Is the “Prosperity Gospel” Real Liberation (for Oppressed Minorities)?

            This week I visited a mainline Protestant seminary and sat in on several classes. Teachers should do that from time to time. Being an observer of one’s own profession can be very eye opening. I learned some things to do and not to do. I learned that eighty minutes is a long time when you’re just sitting and listening! I learned that it’s helpful when professors ask if students have questions and then take their questions seriously! I learned that some students have “better” things to do than listen, learn and take notes. I learned that sometimes playing games on one’s Ipad is better than paying attention—especially when the lecture is vapid.

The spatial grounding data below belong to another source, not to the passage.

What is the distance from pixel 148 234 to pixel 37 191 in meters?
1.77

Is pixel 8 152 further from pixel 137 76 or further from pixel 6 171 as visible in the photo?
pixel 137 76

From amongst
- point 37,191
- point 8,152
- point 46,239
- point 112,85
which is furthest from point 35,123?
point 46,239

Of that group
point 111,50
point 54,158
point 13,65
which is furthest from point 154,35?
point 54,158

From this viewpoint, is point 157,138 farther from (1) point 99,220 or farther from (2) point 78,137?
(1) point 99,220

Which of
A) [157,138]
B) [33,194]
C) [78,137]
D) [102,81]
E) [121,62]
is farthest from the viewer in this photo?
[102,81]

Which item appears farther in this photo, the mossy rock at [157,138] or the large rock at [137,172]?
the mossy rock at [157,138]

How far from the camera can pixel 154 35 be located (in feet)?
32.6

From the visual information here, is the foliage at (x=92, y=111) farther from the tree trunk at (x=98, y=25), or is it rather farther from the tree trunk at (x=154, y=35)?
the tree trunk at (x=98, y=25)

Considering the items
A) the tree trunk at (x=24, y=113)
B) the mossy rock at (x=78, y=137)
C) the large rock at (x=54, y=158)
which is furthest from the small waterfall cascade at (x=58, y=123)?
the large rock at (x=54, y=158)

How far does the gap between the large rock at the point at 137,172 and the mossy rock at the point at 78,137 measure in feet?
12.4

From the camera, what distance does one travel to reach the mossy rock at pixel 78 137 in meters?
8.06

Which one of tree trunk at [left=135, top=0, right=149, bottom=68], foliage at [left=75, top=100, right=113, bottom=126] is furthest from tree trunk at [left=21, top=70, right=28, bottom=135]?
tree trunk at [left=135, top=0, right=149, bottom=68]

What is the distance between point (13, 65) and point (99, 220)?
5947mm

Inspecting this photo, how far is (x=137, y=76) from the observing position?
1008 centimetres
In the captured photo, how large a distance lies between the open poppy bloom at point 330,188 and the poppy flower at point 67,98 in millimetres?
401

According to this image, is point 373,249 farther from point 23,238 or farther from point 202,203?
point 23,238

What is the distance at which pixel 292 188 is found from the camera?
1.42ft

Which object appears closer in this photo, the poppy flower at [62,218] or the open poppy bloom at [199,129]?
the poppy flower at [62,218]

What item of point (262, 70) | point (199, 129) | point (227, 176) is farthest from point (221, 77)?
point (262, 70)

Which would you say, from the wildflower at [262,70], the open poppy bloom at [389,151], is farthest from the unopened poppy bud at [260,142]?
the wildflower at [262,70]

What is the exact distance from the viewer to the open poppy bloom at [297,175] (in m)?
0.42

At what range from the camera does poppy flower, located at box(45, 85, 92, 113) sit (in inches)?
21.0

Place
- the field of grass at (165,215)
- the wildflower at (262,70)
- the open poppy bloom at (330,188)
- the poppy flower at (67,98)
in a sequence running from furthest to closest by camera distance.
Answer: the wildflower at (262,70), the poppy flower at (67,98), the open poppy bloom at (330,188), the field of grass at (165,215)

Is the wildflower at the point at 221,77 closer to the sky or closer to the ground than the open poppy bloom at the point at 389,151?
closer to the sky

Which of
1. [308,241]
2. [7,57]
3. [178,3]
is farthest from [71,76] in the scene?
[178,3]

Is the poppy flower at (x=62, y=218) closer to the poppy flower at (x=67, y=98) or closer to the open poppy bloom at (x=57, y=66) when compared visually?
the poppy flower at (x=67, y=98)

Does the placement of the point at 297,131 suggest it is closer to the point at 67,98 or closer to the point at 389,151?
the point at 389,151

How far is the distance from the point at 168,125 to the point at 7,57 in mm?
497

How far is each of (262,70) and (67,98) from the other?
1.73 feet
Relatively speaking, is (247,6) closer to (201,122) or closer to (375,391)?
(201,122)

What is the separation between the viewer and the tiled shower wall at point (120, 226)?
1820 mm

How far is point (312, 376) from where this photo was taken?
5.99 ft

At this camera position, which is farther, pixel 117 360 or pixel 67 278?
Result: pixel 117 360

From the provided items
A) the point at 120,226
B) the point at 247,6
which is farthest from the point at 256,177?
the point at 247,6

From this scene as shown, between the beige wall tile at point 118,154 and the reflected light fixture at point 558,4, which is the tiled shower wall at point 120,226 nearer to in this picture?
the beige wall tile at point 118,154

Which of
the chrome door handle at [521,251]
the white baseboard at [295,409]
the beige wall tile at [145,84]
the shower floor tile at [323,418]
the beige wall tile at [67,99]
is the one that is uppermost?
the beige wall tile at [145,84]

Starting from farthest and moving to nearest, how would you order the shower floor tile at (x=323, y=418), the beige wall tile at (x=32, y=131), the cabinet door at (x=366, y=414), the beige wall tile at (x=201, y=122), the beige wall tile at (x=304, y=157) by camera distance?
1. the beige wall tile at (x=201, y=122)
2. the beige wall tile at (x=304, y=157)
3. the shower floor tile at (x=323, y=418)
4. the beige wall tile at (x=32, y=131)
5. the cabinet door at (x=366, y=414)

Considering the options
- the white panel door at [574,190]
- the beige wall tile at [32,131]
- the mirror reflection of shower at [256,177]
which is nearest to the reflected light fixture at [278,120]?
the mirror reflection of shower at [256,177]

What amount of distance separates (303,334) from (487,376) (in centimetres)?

            According to one lecturer, a church historian, the so-called “prosperity gospel” is regarded by many African-American and Hispanic Pentecostals as “true liberation.” The professor didn’t exactly compare it against liberation theology, but the implication was clear. The professor is a Hispanic Pentecostal and seemed to me favorable to the chosen topic and the claim that it is “true liberation.” (But, it’s difficult to tell; the professor may have been playing the devil’s advocate.)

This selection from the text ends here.